### Record excerpts ###

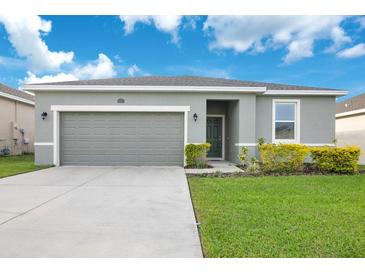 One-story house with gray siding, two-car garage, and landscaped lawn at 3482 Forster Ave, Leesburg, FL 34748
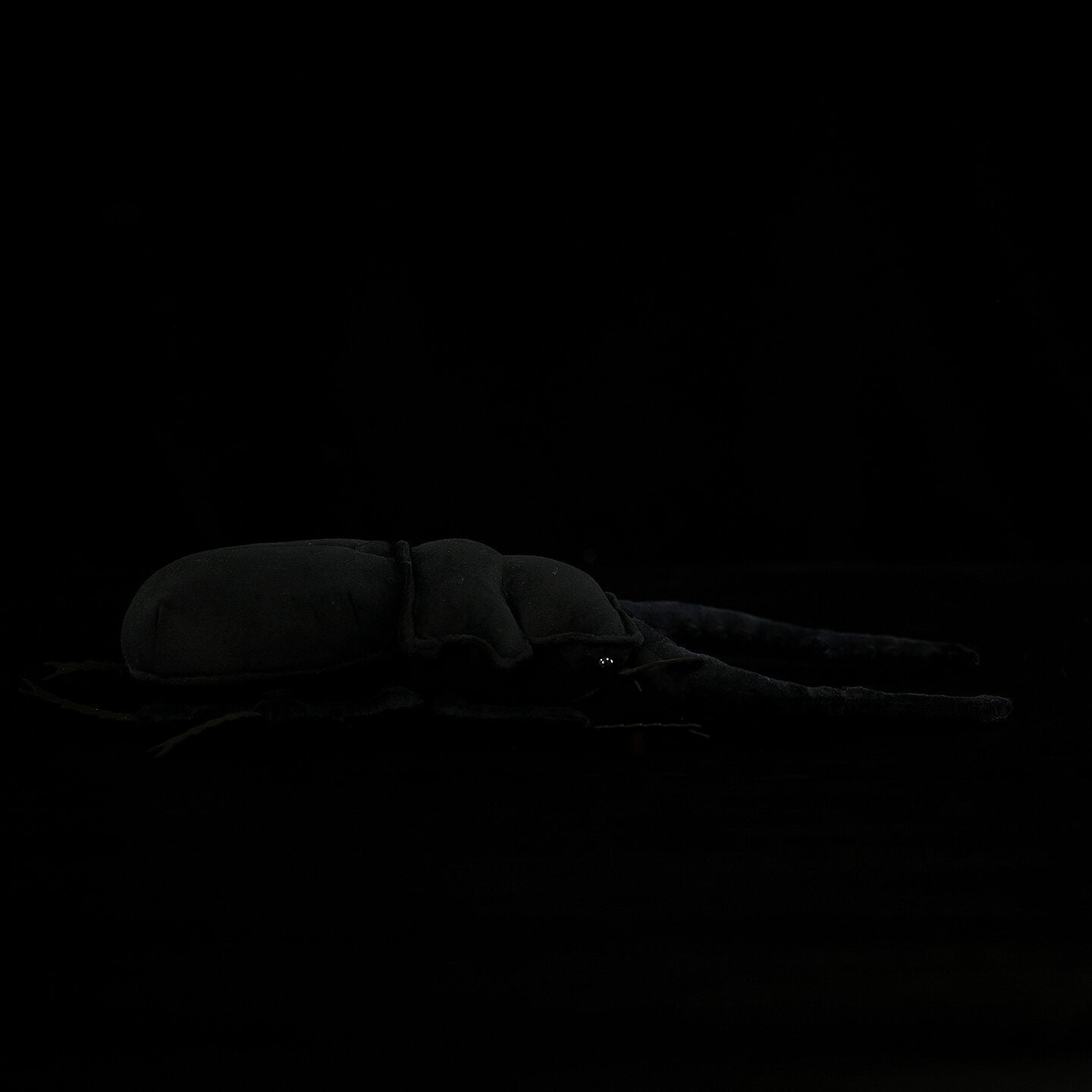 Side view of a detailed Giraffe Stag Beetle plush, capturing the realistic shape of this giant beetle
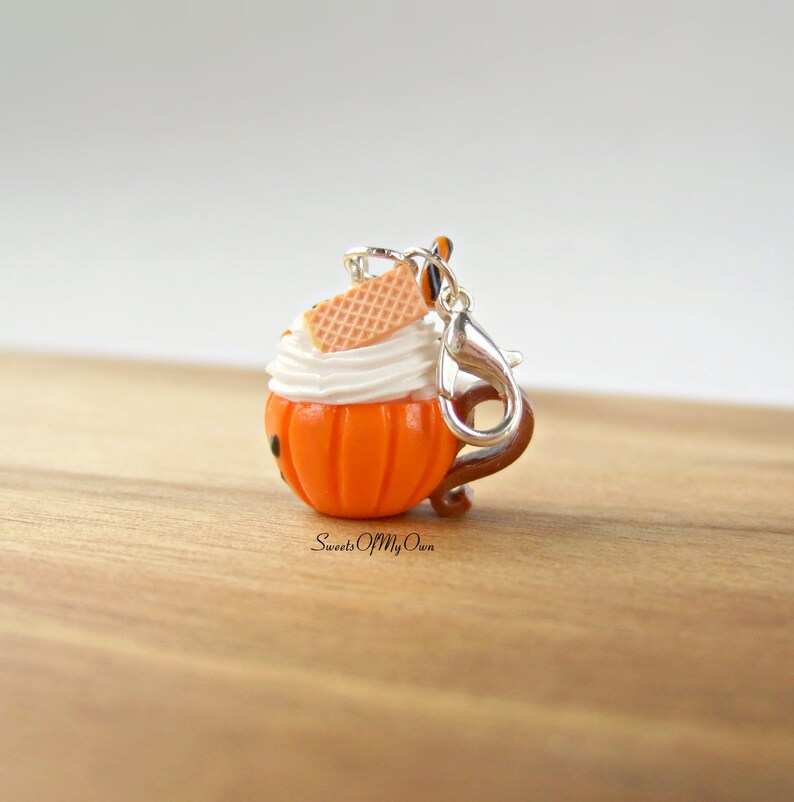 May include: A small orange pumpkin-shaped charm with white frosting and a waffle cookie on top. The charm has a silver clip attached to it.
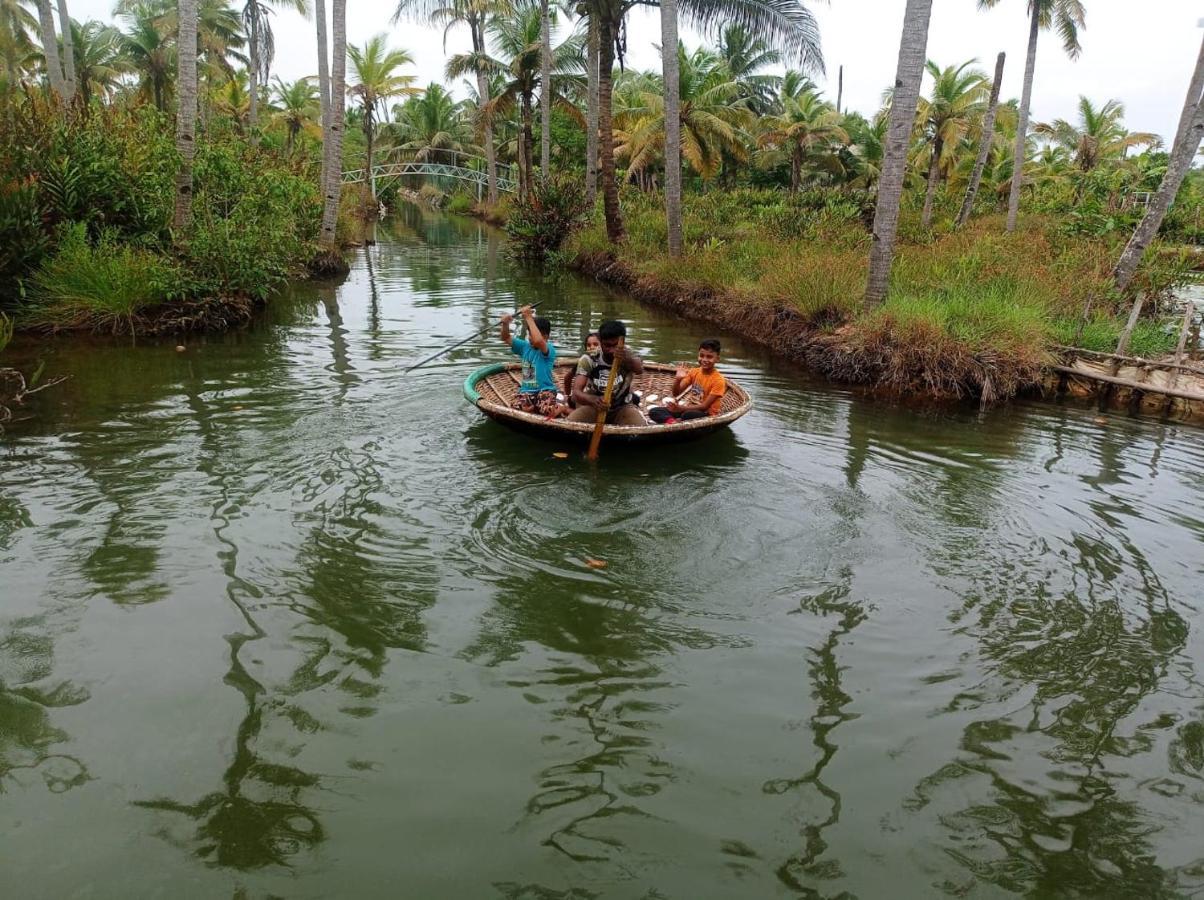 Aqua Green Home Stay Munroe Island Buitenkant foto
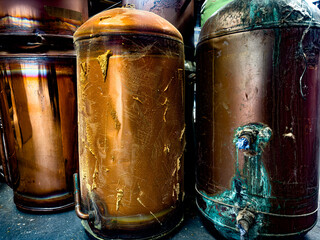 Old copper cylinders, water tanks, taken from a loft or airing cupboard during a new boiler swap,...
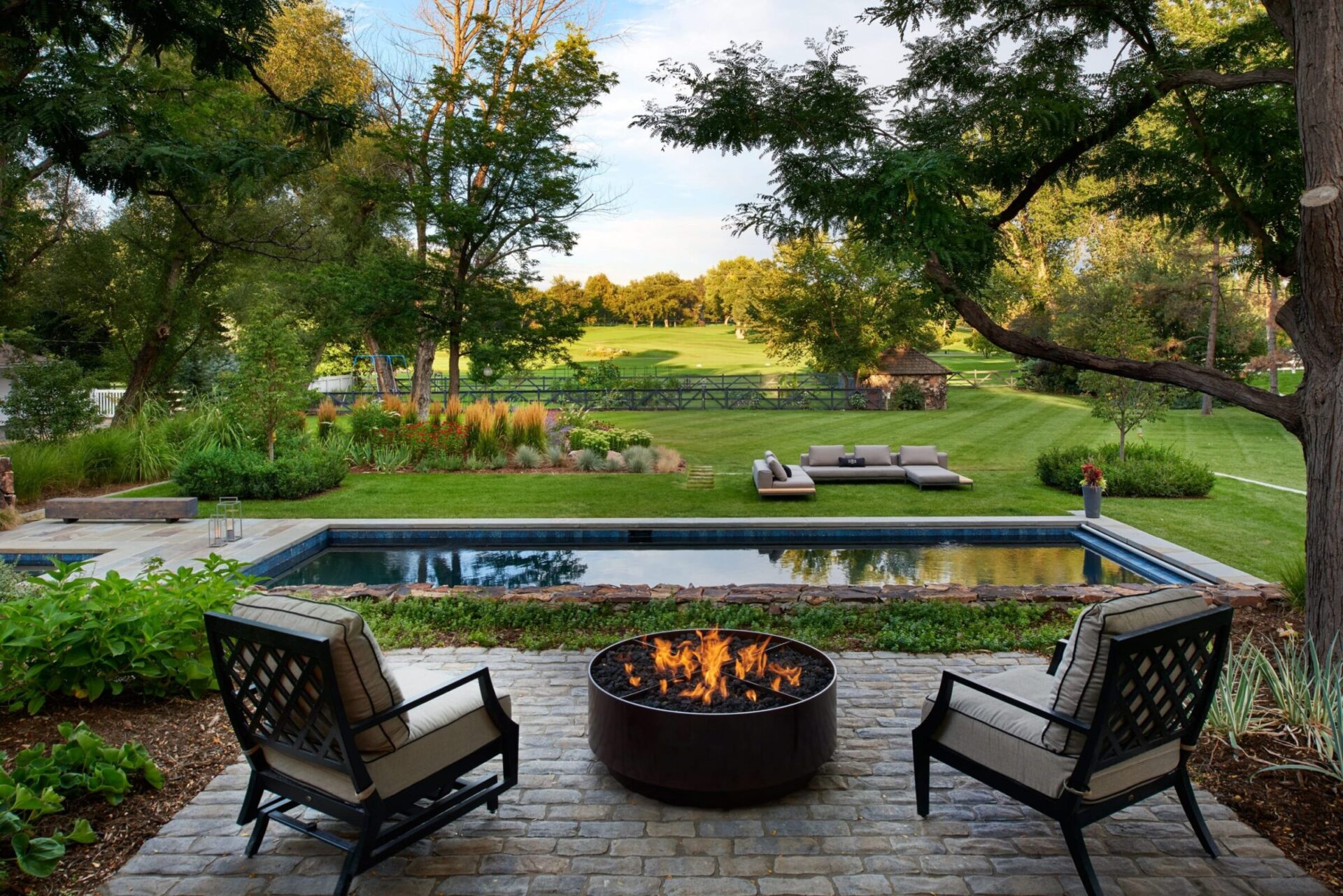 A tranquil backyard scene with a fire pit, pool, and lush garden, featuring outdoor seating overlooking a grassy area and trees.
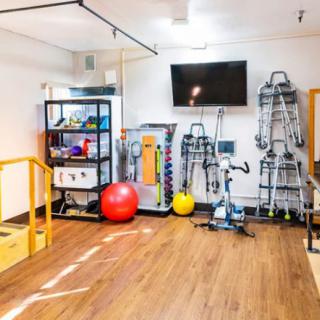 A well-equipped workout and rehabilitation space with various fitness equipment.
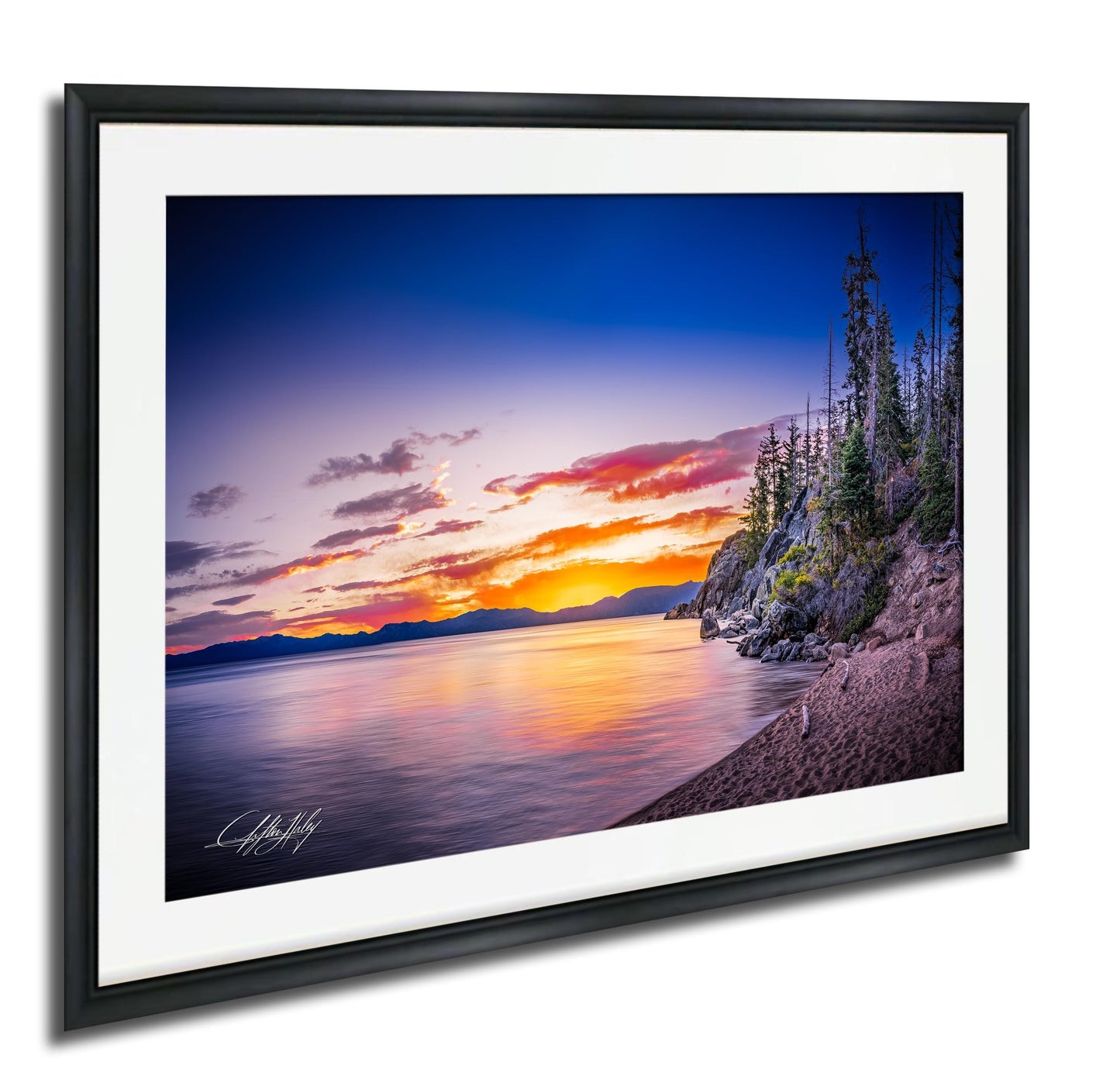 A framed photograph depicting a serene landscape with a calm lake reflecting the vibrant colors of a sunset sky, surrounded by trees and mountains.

###

Task requirements:
All that is wanted is an exact copy of the lines from the line bearing "May include: A" through the final line of the entries, including both ends but no pictures.

Response area:
 May include: A small orange pumpkin-shaped charm with white frosting and a waffle cookie on top. The charm has a silver clip attached to it.
 Aqua Green Home Stay Munroe Island Buitenkant foto
 Old copper cylinders, water tanks, taken from a loft or airing cupboard during a new boiler swap,...
 A tranquil backyard scene with a fire pit, pool, and lush garden, featuring outdoor seating overlooking a grassy area and trees.
 A well-equipped workout and rehabilitation space with various fitness equipment.
 A framed photograph depicting a serene landscape with a calm lake reflecting the vibrant colors of a sunset sky, surrounded by trees and mountains.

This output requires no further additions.